MATERIALS PROVIDED:
BEGIN
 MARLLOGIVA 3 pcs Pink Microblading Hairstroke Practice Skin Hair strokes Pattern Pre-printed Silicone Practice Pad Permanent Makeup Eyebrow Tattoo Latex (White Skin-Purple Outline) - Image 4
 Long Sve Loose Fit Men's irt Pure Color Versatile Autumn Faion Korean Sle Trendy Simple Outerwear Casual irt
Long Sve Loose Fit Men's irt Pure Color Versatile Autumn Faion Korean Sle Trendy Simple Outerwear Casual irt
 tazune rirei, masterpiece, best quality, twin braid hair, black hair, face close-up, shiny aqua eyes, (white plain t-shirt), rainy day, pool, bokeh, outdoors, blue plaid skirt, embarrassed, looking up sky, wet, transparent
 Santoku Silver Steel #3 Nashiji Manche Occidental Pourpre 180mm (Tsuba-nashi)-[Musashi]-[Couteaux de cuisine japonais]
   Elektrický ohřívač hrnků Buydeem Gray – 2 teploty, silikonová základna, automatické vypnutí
END
BEGIN
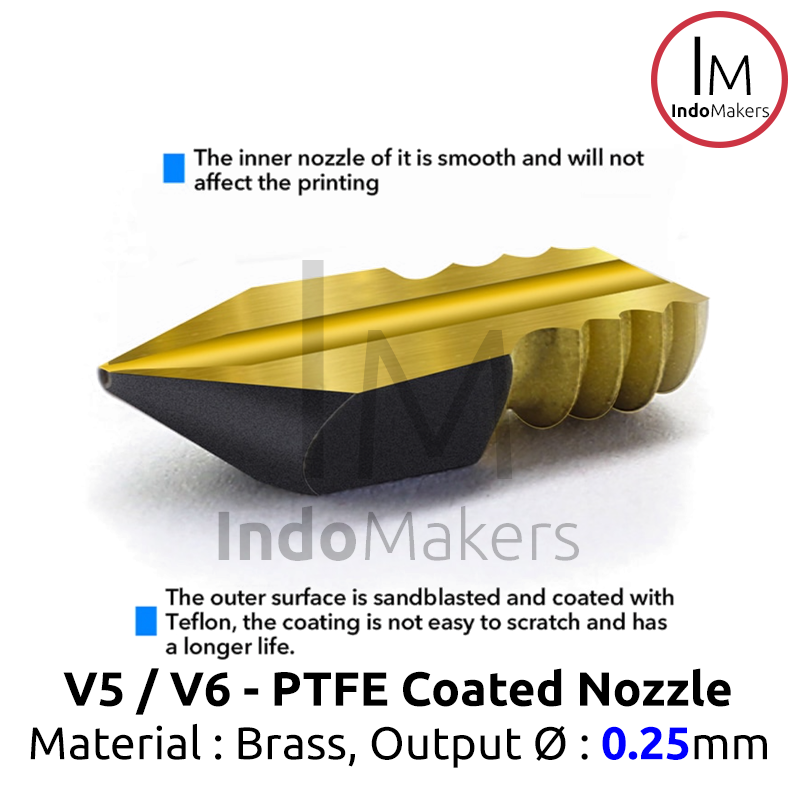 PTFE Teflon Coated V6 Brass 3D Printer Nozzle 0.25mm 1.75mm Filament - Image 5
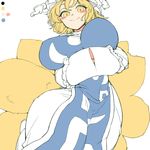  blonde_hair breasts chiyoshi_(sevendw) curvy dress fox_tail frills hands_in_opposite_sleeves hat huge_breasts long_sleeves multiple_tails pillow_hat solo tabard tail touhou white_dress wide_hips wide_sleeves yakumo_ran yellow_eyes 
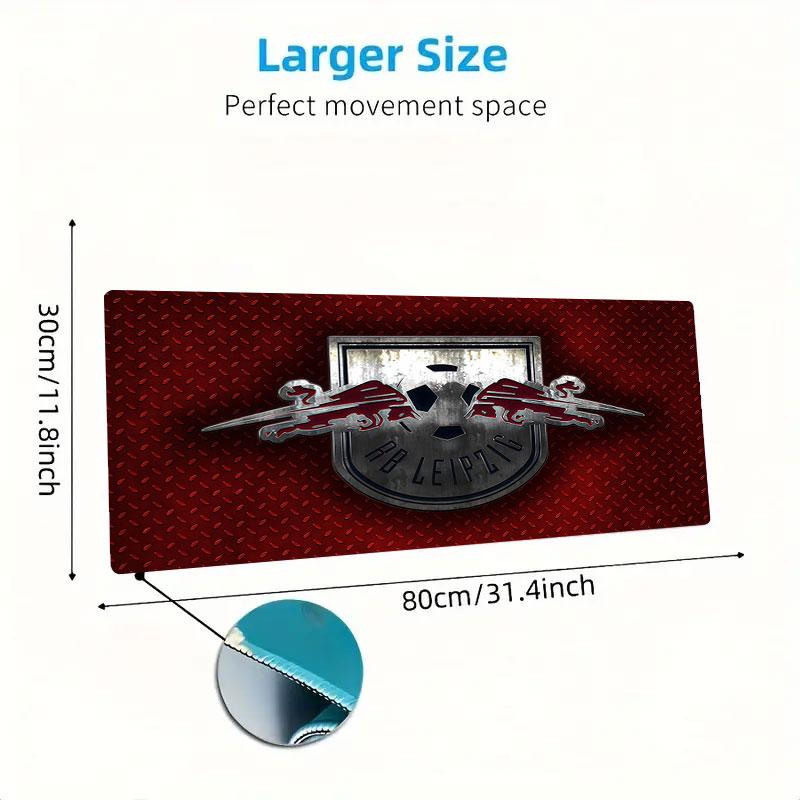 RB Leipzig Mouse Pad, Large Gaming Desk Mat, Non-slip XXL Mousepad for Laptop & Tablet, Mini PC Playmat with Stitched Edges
END
BEGIN
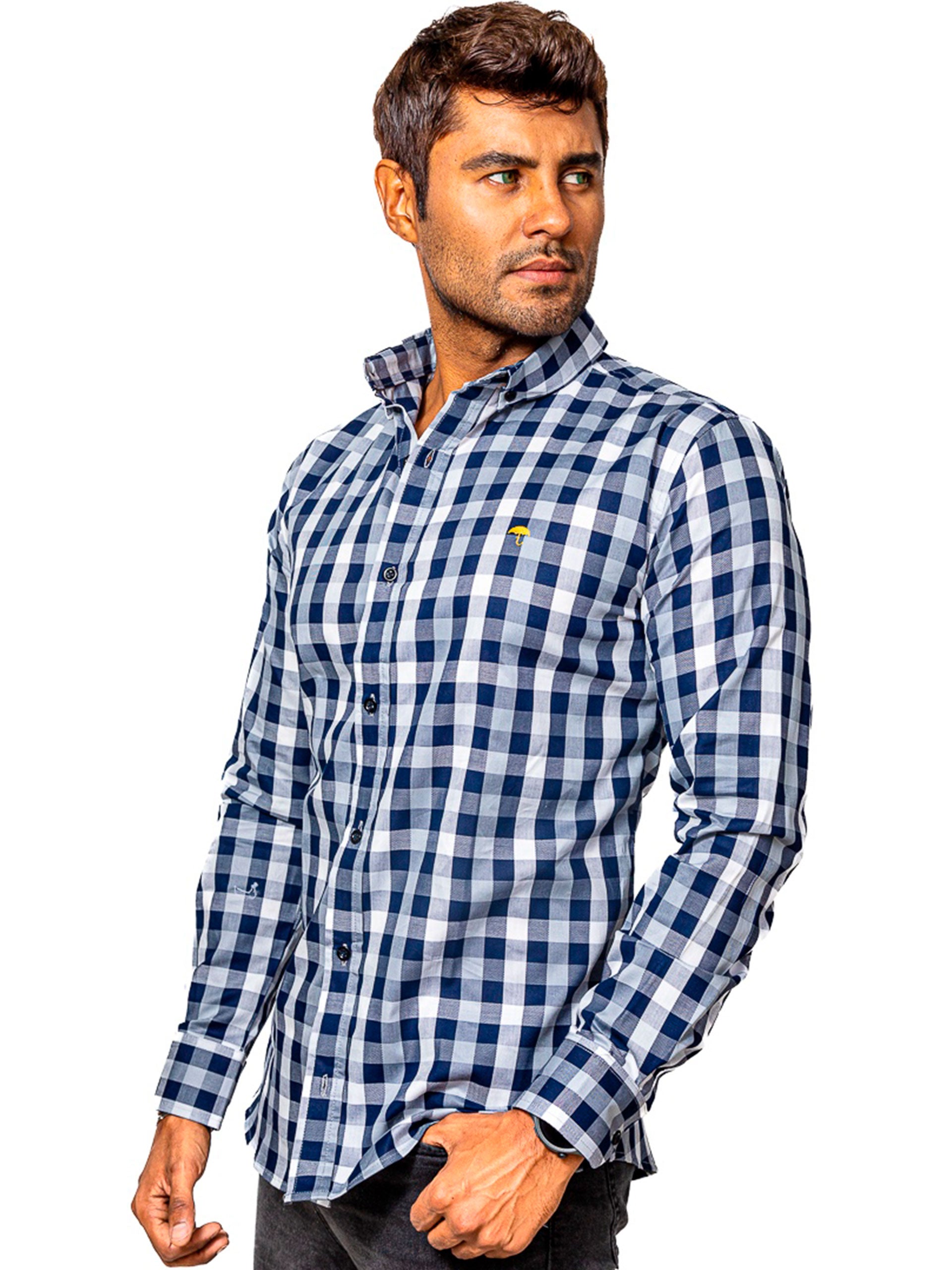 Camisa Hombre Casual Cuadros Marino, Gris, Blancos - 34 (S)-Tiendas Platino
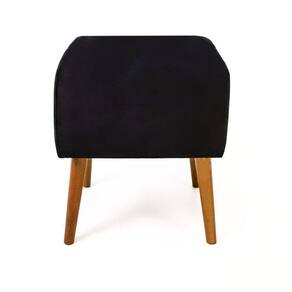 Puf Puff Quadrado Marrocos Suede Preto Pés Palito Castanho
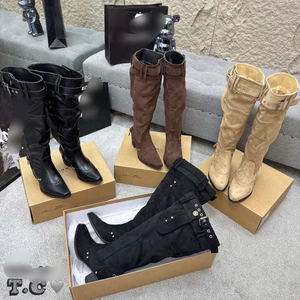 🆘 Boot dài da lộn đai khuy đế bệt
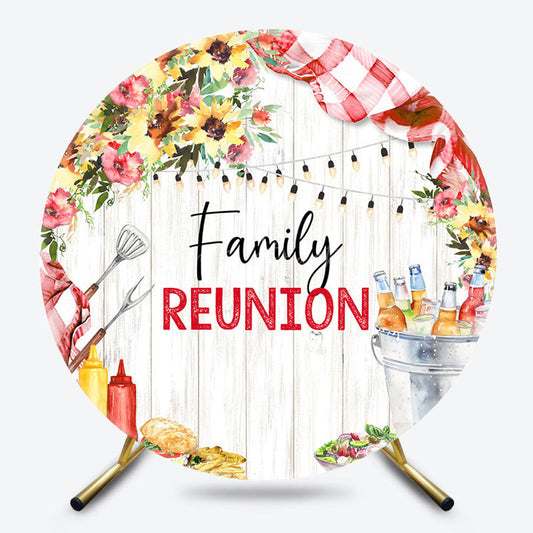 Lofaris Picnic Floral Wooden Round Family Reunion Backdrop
END
WHAT THE TASK REQUIRES: Note which lines carry the word "Color" in the material, then copy each of them.

EXPECTED OUTPUT:
 Long Sve Loose Fit Men's irt Pure Color Versatile Autumn Faion Korean Sle Trendy Simple Outerwear Casual irt
Long Sve Loose Fit Men's irt Pure Color Versatile Autumn Faion Korean Sle Trendy Simple Outerwear Casual irt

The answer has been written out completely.